First Lady of Huila
- In office 1995–1997
- Preceded by: Ninoska de Ortiz
- Succeeded by: Liliana Vázquez

Personal details
- Born: Teruel, Huila, Colombia
- Other political affiliations: Movimiento de Integración Conservadora
- Spouse: Jaime Lozada Perdomo
- Children: Juan Sebastián Lozada Polanco Jaime Felipe Lozada Polanco Daniel Julián Lozada Polanco

= Gloria Polanco =

Colombian First Lady of Huila Department

Gloria Polanco is a Colombian woman and former First Lady of the Huila Department as wife of then Governor of Huila Jaime Lozada Perdomo. She rose to prominence after being kidnapped by the FARC-EP along with two of her sons and other members of her building. During captivity she was elected Member of the Colombian Chamber of Representatives and placed in a list of high-profile kidnapped victims held by the FARC in hopes to have a prisoner exchange. She was finally released on February 27, 2008, along with three other high-profile hostages.

==Captivity and election==
Shortly after Polanco and her sons were kidnapped in 2001, her husband Jaime Lozada Perdomo tried in vain to negotiate with the FARC, but after six months of futile attempts he chose to inscribe his wife as a candidate for the seat he was trying to run in Congress under the affiliation of the Movimiento de Integración Conservadora, a conservative political party he had founded.
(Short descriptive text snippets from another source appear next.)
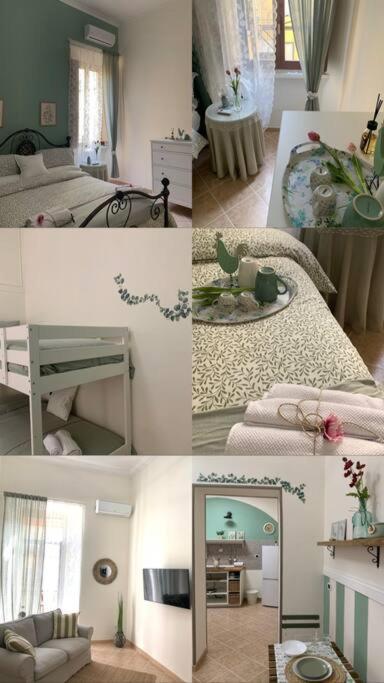 Appartamento: La Maison Verte Наполи Екстериор снимка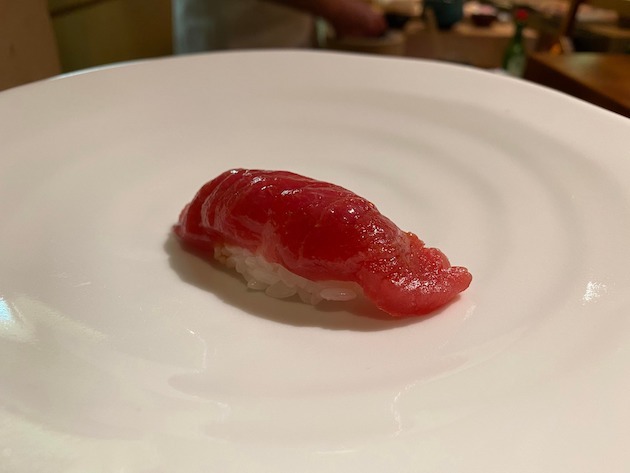 すし柿崎的實拍圖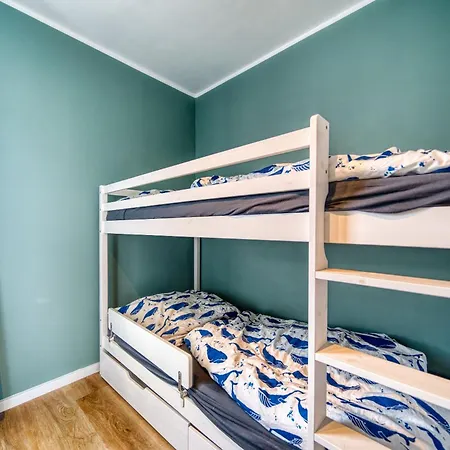 Apartment - Haus M, App 0m0205 Heiligenhafen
By doing this, he hoped to raise her profile as a political hostage and give his family a better chance to be freed in a political prisoner exchange. His plan worked, Gloria Polanco was elected with 28,742 votes becoming the only kidnapped politician to win an election of the sort. Her victory was credited to her work with the needy as First Lady of Huila.
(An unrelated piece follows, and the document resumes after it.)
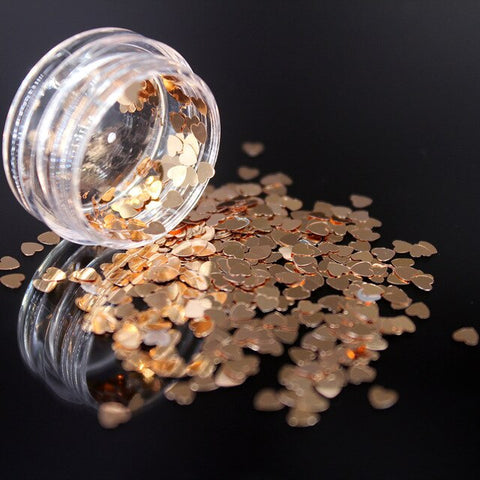 1Pcs Star Sparkle Makeup Toys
Although Polanco was Representative Elect to the Chamber for the constituency of Huila, she was not able to take office because of her captivity and was substituted by Carlos Ramiro Chavarro in her absence. Regardless of her appointment, she was treated as a political hostage, and her kidnap became a high priority for the Colombian Government. The FARC also changed her condition to that of a high-profile hostage, which to her dismay, led to being separated from her sons who were also hostages. She was moved to another camp where other political hostages were being held. Her two sons were finally freed after her husband Jaime Lozada agreed to pay off their ransom. Lozada was later killed during an attack by the FARC in 2005, which also left Polanco's oldest son injured. It is believed that Lozada was killed because he still owed the FARC ransom money.